I must have stuck my head somewhere we should not discuss.
Playing around with possible "improvements" I dropped a Wilson current mirror into my input stage. Absolutely normal LTP, ccs and mirror, light degen etc driving a very conventional Darlington single side VAS
FAIL. It drove one side to the rail. This is with the feedback transistor and the added Wilson transistor in the negative (feedback) leg. Yet, if I reverse legs, it works. (does cut the offset in half, even while it raises the distortion by an insignificant smidge)
What the #%*& am I missing?
Playing around with possible "improvements" I dropped a Wilson current mirror into my input stage. Absolutely normal LTP, ccs and mirror, light degen etc driving a very conventional Darlington single side VAS
FAIL. It drove one side to the rail. This is with the feedback transistor and the added Wilson transistor in the negative (feedback) leg. Yet, if I reverse legs, it works. (does cut the offset in half, even while it raises the distortion by an insignificant smidge)

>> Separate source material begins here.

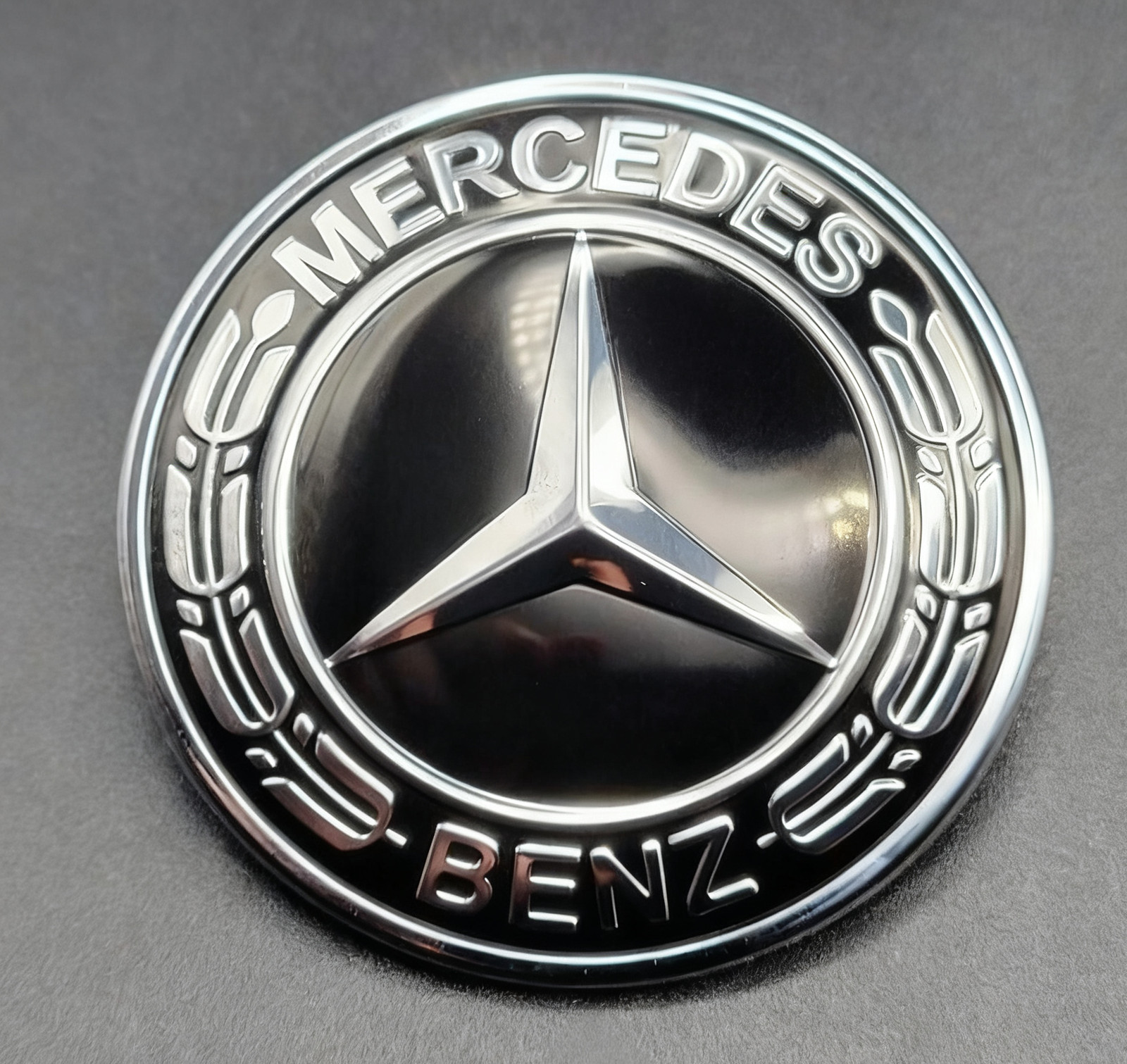 ✅️Front Hood Emblem Classic Flat Laurel Wreath decal Badge Fit For Mercedes Benz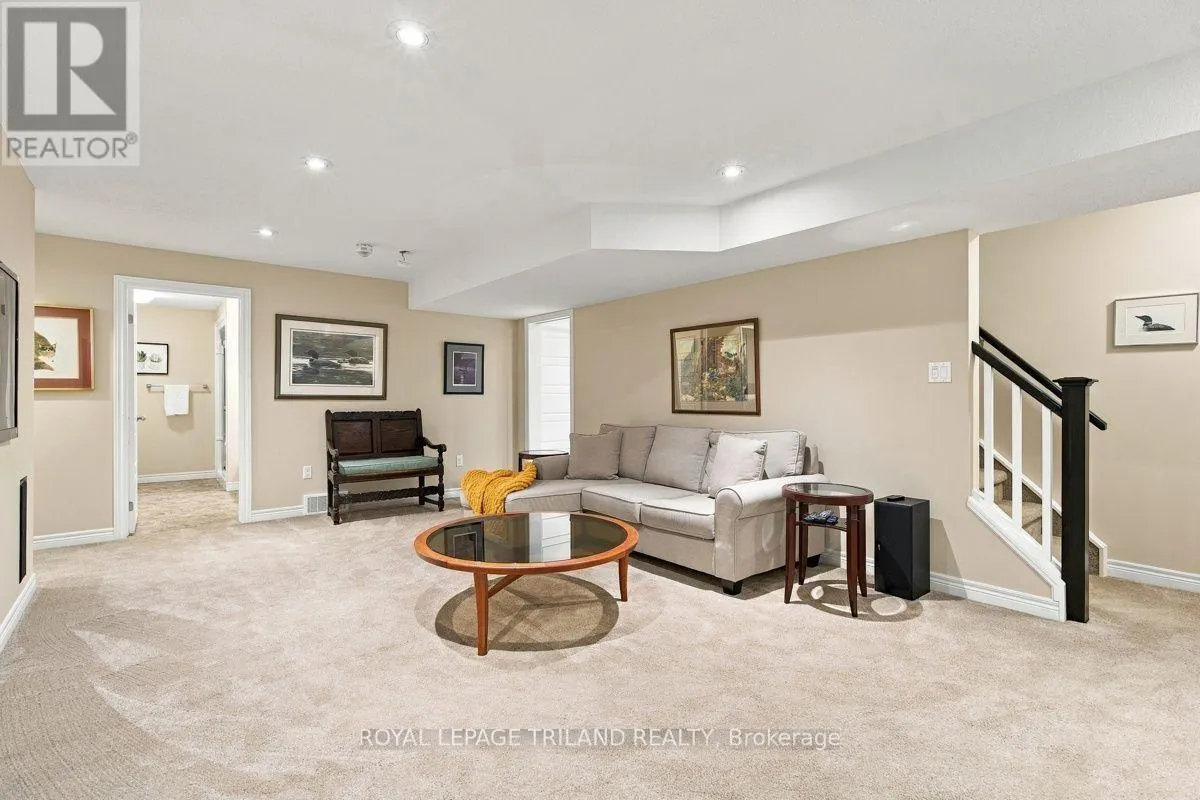 43 HICKORY LANE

What the #%*& am I missing?
Hi tvrgeek, can you pls drop a schematic sketch here so that we fully understand what it is?
BR, Valery
BR, Valery
This version seems to work. If you swap the current mirror around to the normal position, it sends the output to the rail. I am sure it is a DC issue with the VAS, but I don't get it.
Umm... I mean... that's the only way it works )
Comparing to simple mirror, Wilson one will always be "backwards", otherwise, at the other side, you always have Vbe * 2 offset (plus some small addition because of the emitter resistor) from the rail. So it will always send the output to the rail the other way round.
Is that what you mean? )
Comparing to simple mirror, Wilson one will always be "backwards", otherwise, at the other side, you always have Vbe * 2 offset (plus some small addition because of the emitter resistor) from the rail. So it will always send the output to the rail the other way round.
Is that what you mean? )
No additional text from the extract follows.